[Recorded information]:
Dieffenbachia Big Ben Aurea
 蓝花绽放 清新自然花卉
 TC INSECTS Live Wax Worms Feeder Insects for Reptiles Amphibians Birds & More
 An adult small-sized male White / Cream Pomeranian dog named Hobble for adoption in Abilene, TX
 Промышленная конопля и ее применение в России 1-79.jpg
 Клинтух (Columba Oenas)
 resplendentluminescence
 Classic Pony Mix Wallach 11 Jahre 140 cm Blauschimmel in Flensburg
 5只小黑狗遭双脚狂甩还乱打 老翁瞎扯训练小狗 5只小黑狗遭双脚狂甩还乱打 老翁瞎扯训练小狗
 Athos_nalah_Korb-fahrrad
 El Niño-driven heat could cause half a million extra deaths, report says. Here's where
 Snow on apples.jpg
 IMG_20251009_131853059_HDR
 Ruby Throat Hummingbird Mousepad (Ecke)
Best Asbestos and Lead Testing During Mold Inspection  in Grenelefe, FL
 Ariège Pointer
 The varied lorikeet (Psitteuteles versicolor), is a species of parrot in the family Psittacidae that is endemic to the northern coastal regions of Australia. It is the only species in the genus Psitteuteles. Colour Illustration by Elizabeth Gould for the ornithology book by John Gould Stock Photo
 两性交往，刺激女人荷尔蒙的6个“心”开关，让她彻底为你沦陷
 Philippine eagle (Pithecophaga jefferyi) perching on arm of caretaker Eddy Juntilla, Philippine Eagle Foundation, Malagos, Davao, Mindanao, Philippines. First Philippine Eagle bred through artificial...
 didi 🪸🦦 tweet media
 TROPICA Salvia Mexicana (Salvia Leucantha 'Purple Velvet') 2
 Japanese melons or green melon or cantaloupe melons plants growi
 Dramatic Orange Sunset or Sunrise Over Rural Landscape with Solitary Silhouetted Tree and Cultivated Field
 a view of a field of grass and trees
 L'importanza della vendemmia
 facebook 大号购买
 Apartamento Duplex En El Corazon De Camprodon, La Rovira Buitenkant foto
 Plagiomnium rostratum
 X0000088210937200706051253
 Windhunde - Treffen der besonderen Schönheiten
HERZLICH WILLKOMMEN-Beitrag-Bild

[Your goal]: Starting at the line that contains "X0000088210937200706051253", repeat each line exactly through the last one in the listing. Include both of those lines and nothing more.

[Response area]:
 X0000088210937200706051253
 Windhunde - Treffen der besonderen Schönheiten
HERZLICH WILLKOMMEN-Beitrag-Bild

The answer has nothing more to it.